The sectarian system
Lebanon's religious divisions are extremely complicated, and the country is made up by a multitude of religious groupings. The ecclesiastical and demographic patterns of the sects and denominations are complex. Divisions and rivalries between groups date back as far as 15 centuries, and still are a factor today. The pattern of settlement has changed little since the 7th century, but instances of civil strife and ethnic cleansing, most recently during the Lebanese Civil War, has brought some important changes to the religious map of the country. (See also History of Lebanon.)
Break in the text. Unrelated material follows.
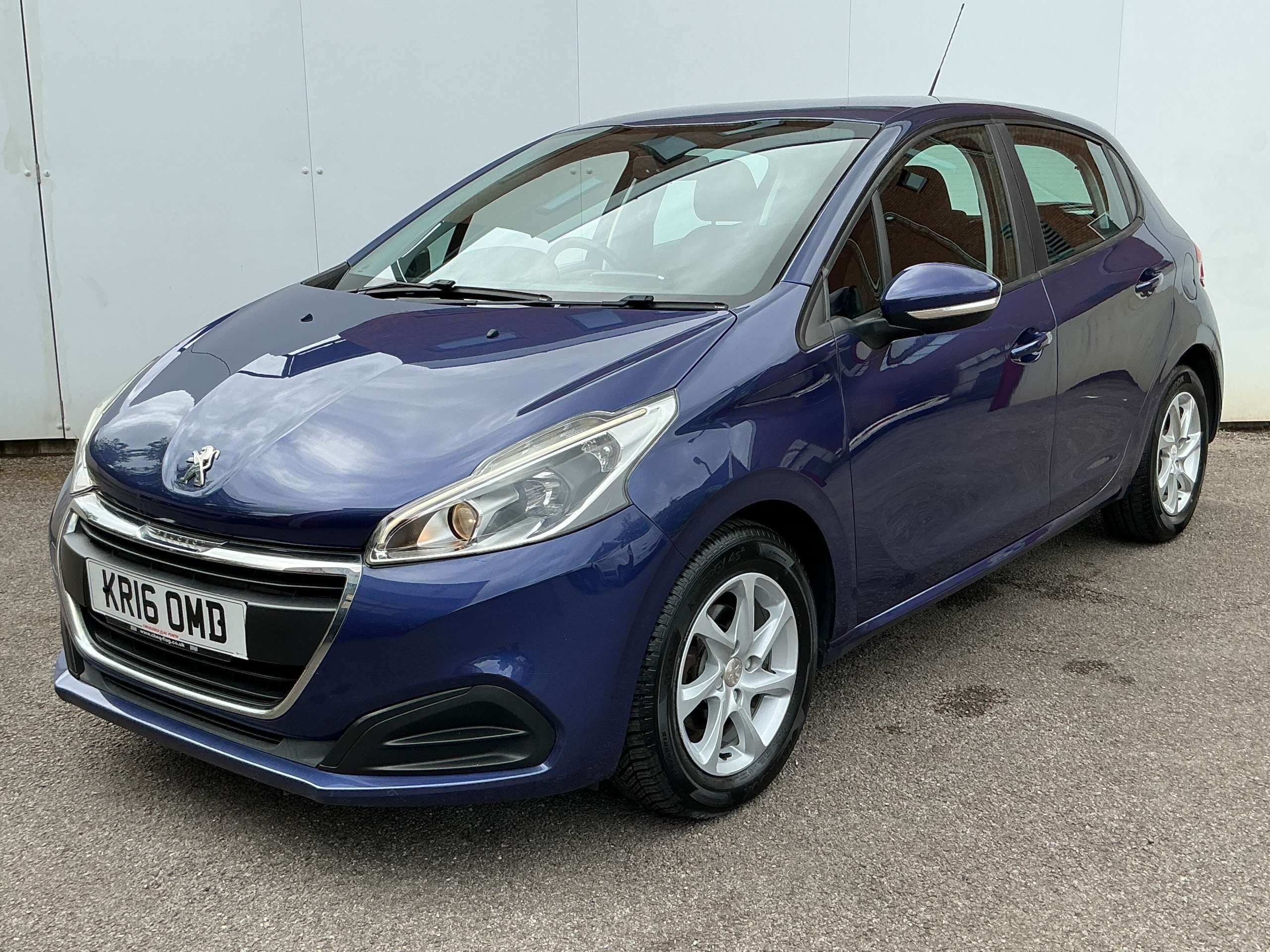 A 2016 PEUGEOT 208 1.2 PureTech Active Hatchback 5dr Petrol Manual Euro 6 (82 ps) A 2016 PEUGEOT 208 1.2 PureTech Active Hatchback 5dr Petrol Manual Euro 6 (82 ps)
Lebanon has by far the largest proportion of Christians of any Middle Eastern country, but both Christians and Muslims are sub-divided into many splinter sects and denominations. Population statistics are highly controversial. The various denominations and sects each have vested interests in inflating their own numbers. Shias, Sunnis, Maronites and Eastern Orthodox (the four largest denominations) all often claim that their particular religious affiliation holds a majority in the country, adding up to over 150% of the total population, even before counting the other denominations. One of the rare things that most Lebanese religious leaders will agree on is to avoid a new general census, for fear that it could trigger a new round of denominational conflict. The last official census was performed in 1932.

Religion has traditionally been of overriding importance in defining the Lebanese population. Dividing state power between the religious denominations and sects, and granting religious authorities judicial power, dates back to Ottoman times (the millet system). The practice was reinforced during French mandate, when Christian groups were granted privileges. This system of government, while partly intended as a compromise between sectarian demands, has caused tensions that still dominate Lebanese politics to this day.

The Christian population majority is believed to have ended in the early 1970s, but government leaders would agree to no change in the political power balance. This led to Muslim demands for increased representation, and the constant sectarian tension slid into violent conflict in 1958 (prompting U.S. intervention) and again in the grueling Lebanese Civil War, in 1975–90.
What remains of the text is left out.